• _Your task_: Output the data below only from the line containing "LCW DREAM Kırmızı Ekose Kadın Pijama Takım" up to and including the line containing "Custom United States", exact and with the pictures left out.

• _Input records_:
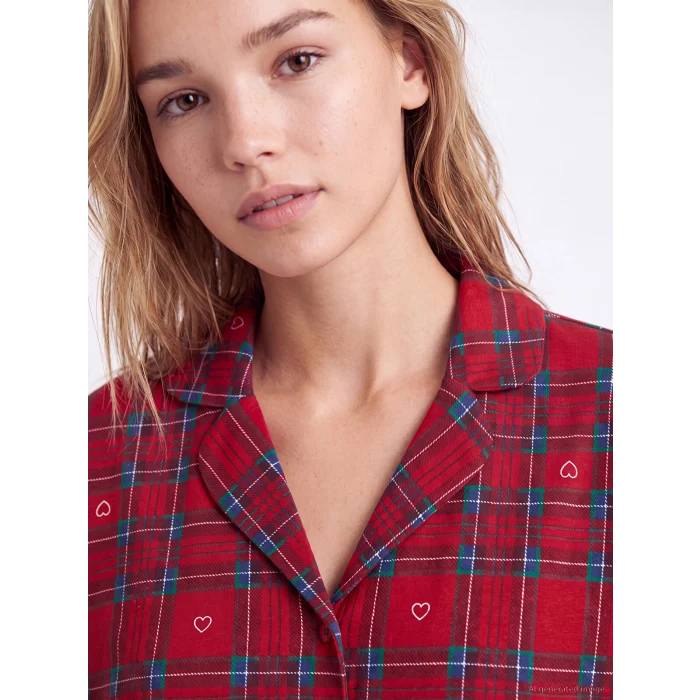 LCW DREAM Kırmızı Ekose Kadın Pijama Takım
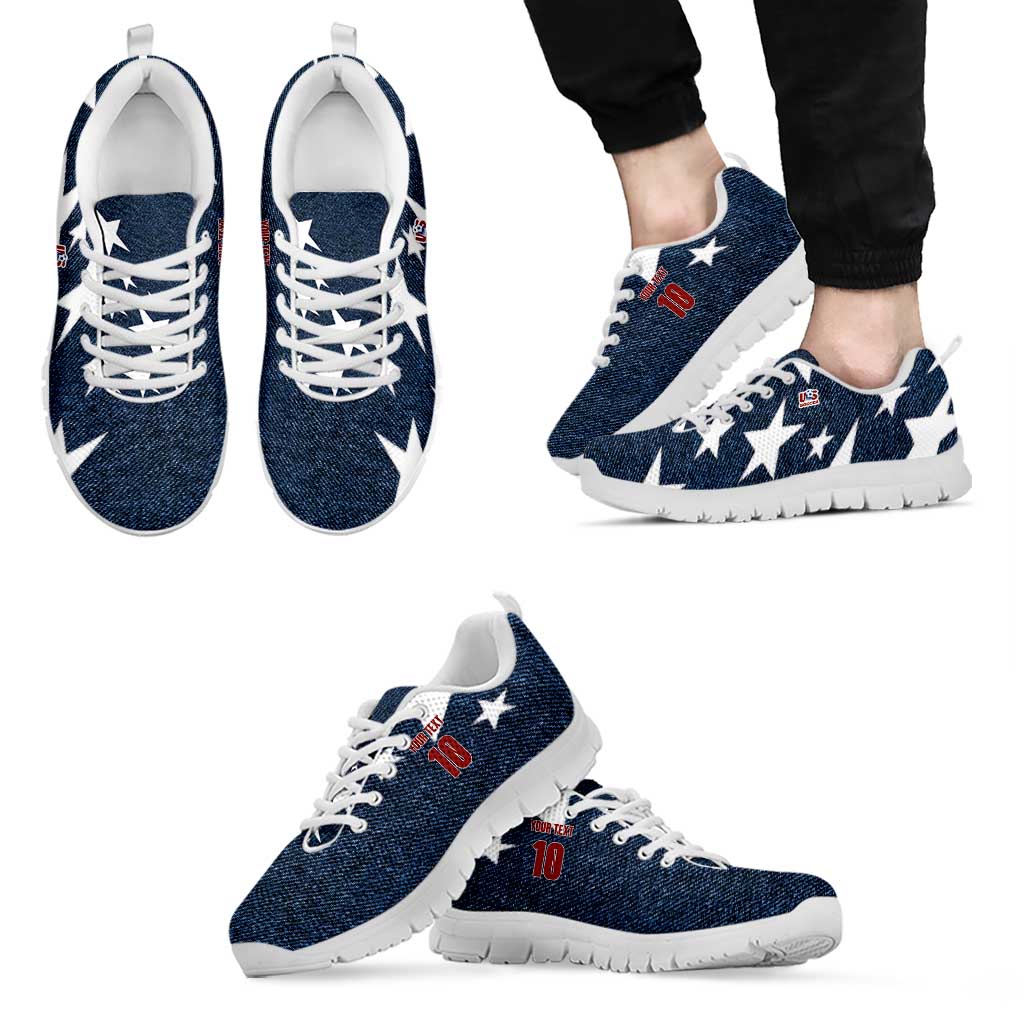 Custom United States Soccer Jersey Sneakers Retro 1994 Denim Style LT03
...
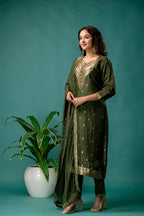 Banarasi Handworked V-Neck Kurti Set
---
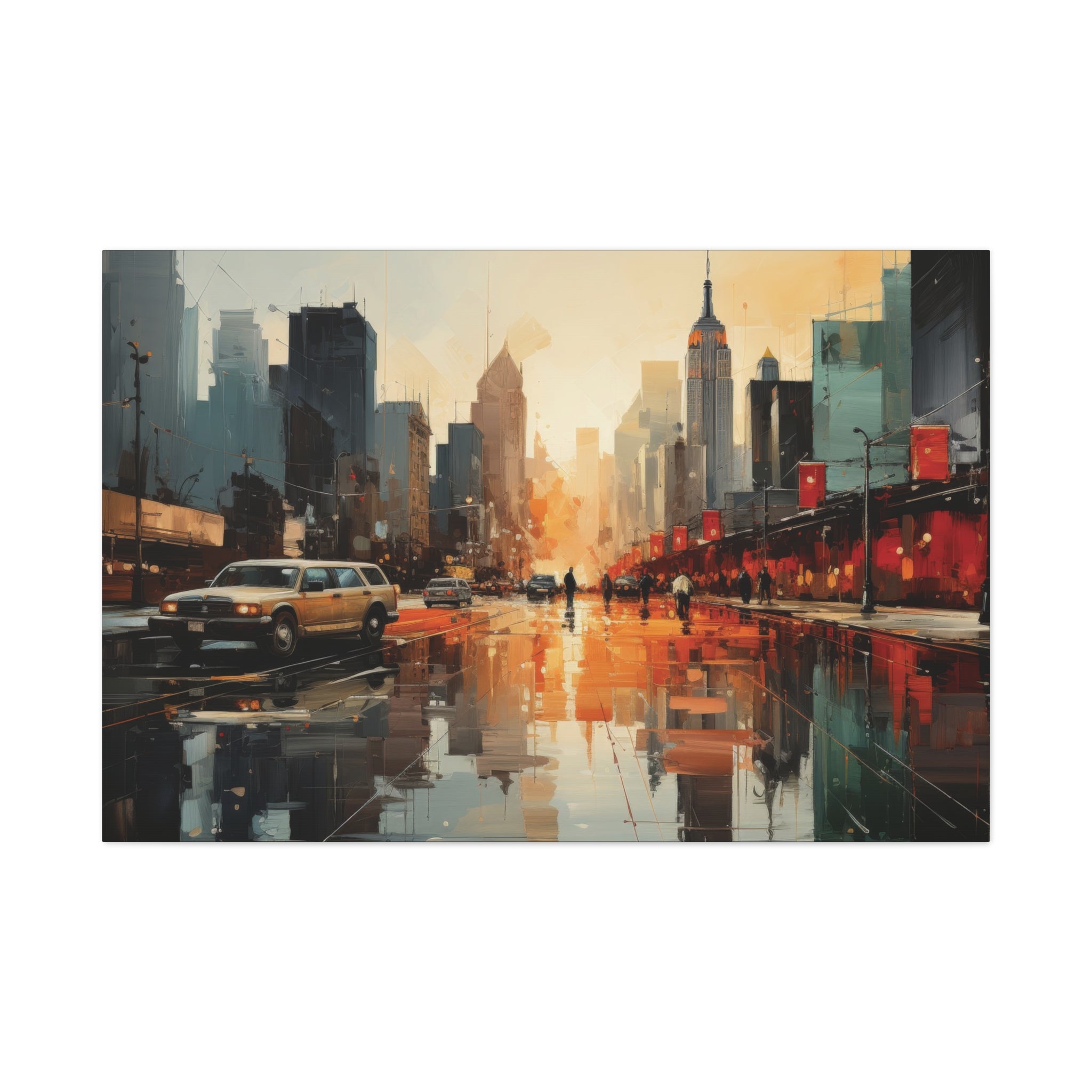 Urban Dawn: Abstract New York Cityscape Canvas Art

• _Output of the exercise_:
 LCW DREAM Kırmızı Ekose Kadın Pijama Takım
 Custom United States Soccer Jersey Sneakers Retro 1994 Denim Style LT03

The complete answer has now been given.